Brief → Write out the whole listing exactly; no images belong in it.

Data extract →
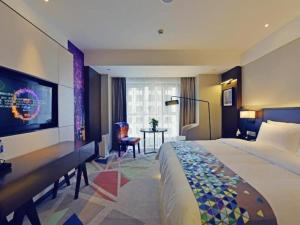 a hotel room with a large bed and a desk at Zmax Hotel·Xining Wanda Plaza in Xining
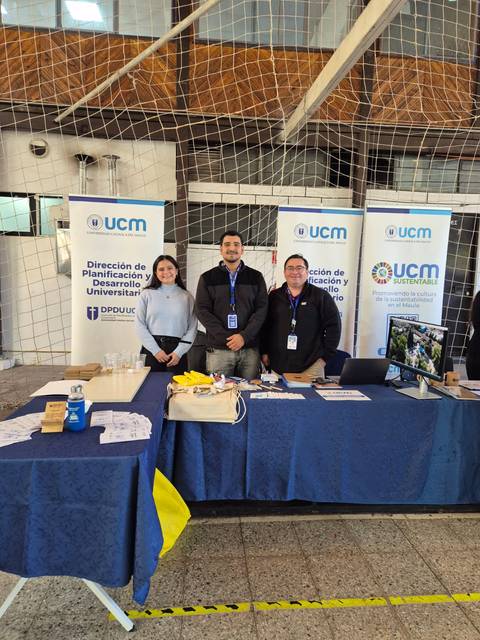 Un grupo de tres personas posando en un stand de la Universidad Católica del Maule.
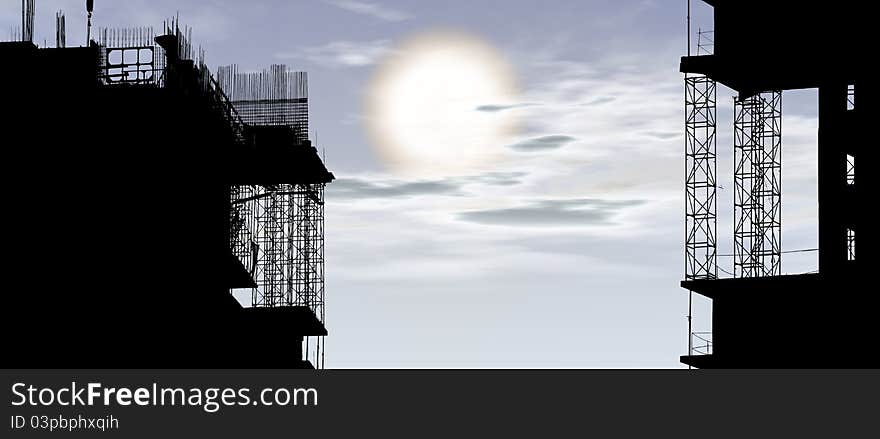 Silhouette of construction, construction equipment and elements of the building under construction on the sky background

Written solution →
 a hotel room with a large bed and a desk at Zmax Hotel·Xining Wanda Plaza in Xining
 Un grupo de tres personas posando en un stand de la Universidad Católica del Maule.
 Silhouette of construction, construction equipment and elements of the building under construction on the sky background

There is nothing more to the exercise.